After a moment or two, the vet shook his head and sadly said, "I'm
sorry, your duck, Cuddles, has passed away."

The distressed woman wailed, "Are you sure?"
"Yes, I am sure. Your duck is dead," replied the vet..

"How can you be so sure?" she protested. "I mean you haven't done any
testing on him or anything. He might just be in a coma or something."

The vet rolled his eyes, turned around and left the room. He returned
a few minutes later with a black Labrador Retriever. As the
duck's owner looked on in amazement, the dog stood on his hind legs,
put his front paws on the examination table and sniffed the duck from
top to bottom. He then looked up at the vet with sad eyes and shook his
head.

The vet patted the dog on the head and took it out of the room. A few
minutes later he returned with a cat. The cat jumped on the table and
also delicately sniffed the bird from head to foot. The cat sat back on
its haunches, shook its head, meowed softly and strolled out of the
room.

The vet looked at the woman and said, "I'm sorry, but as I said, this
is most definitely, 100% certifiably, a dead duck."

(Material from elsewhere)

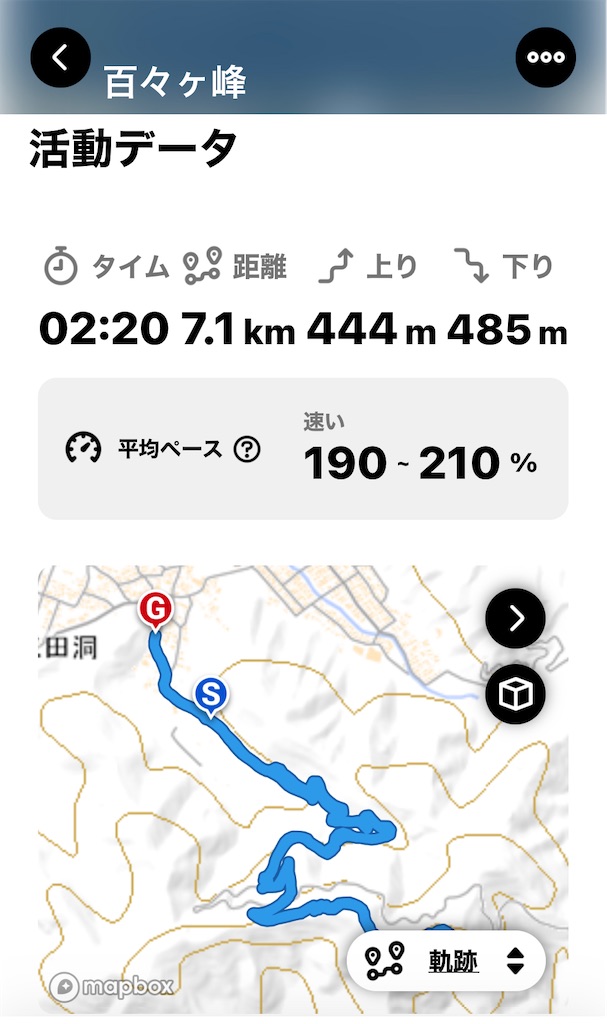 f:id:ponkiti48:20230508192407j:image f:id:ponkiti48:20230508192407j:image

The vet turned to his computer terminal, hit a few keys and produced a
bill, which he handed to the woman..
The duck's owner, still in shock, took the bill. "£150!" she cried,
"£150 just to tell me my duck is dead!"
The vet shrugged, "I'm sorry. If you had just taken my word for it, the
bill would have been £20, but with the Lab Report and the Cat Scan,
it's now £150."


----------



## Ian_n_Suzy (Feb 15, 2009)

lol, your name should be Groaner not Groper.

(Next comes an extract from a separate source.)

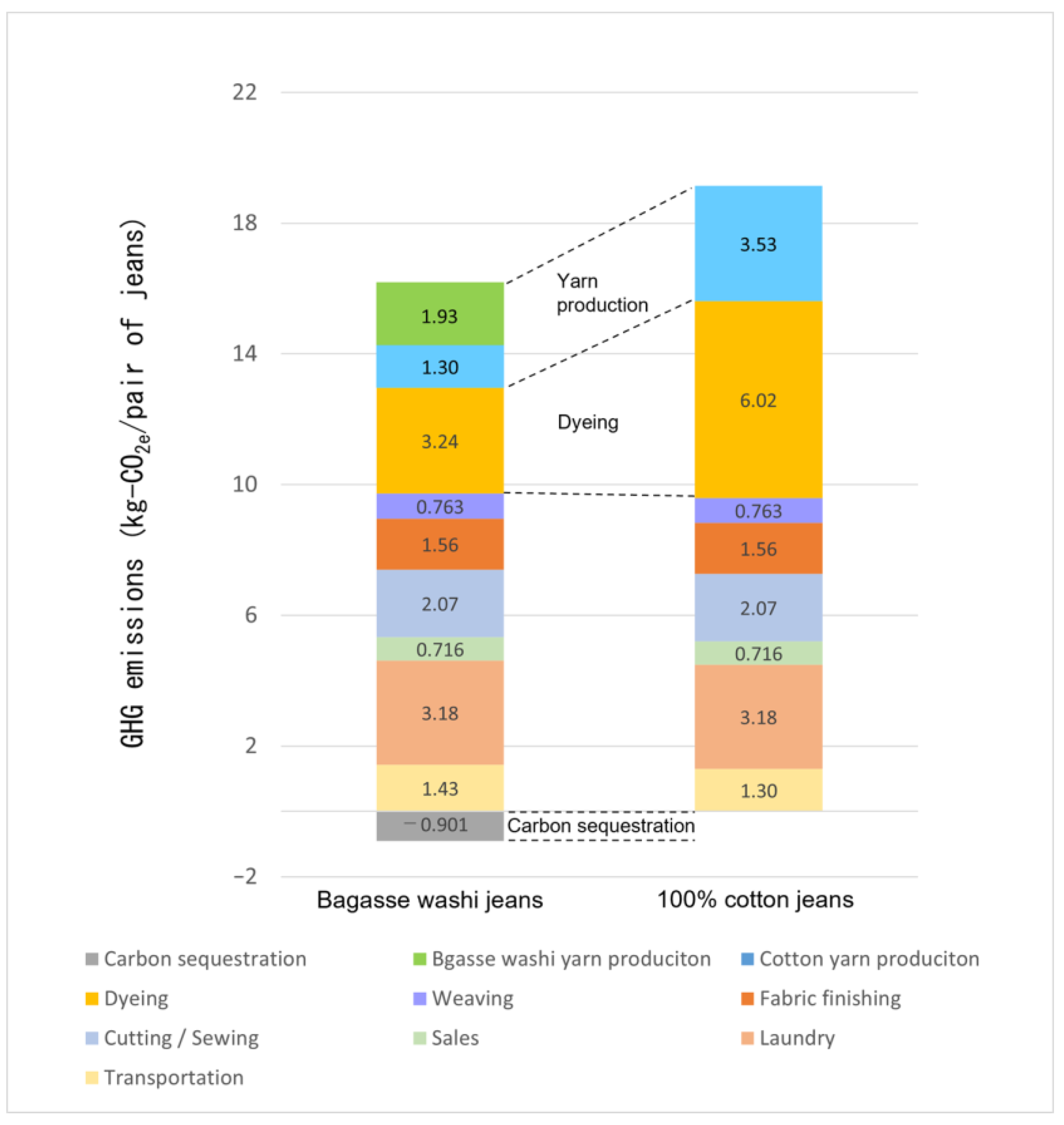 Sustainability 16 06044 g005 Sustainability 16 06044 g005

(OT: I once played a game of golf when my mate drove his ball into a greenside bunker, when we got to the bunker there was a dead Mallard next to his ball, and it was still toasty warm.)


----------



## flyingpig (Jan 14, 2009)

Ian_n_Suzy said:


> lol, your name should be Groaner not Groper.
> 
> (OT: I once played a game of golf when my mate drove his ball into a greenside bunker, when we got to the bunker there was a dead Mallard next to his ball, and it was still toasty warm.)


It should have DUCKED......sorry :!: :!: :!: :lol: :lol: :lol:


----------



## Ian_n_Suzy (Feb 15, 2009)

flyingpig said:


> It should have DUCKED......sorry :!: :!: :!: :lol: :lol: :lol:


This threads not getting any better 8O


----------



## flyingpig (Jan 14, 2009)

Ian_n_Suzy said:


> flyingpig said:
> 
> 
> > It should have DUCKED......sorry :!: :!: :!: :lol: :lol: :lol:
> ...


Neither is the duck.......sorry again.........   :lol: :lol:


----------



## Ian_n_Suzy (Feb 15, 2009)

flyingpig said:


> Ian_n_Suzy said:
> 
> 
> > flyingpig said:
> ...


lol


----------



## spykal (May 9, 2005)

Ian_n_Suzy said:


> I once played a game of golf when my mate drove his ball into a greenside bunker, when we got to the bunker there was a dead Mallard next to his ball, and it was still toasty warm.)


Did your mate score that hole as a "birdie" :lol:


----------



## Ian_n_Suzy (Feb 15, 2009)

......and just when you thought things couldn't get any worse......


spykal said:


> Did your mate score that hole as a "birdie" :lol:


 :roll:

that's a double groaner!


----------



## Groper (May 17, 2007)

The comments are better than the original joke :lol: :lol: :lol:


----------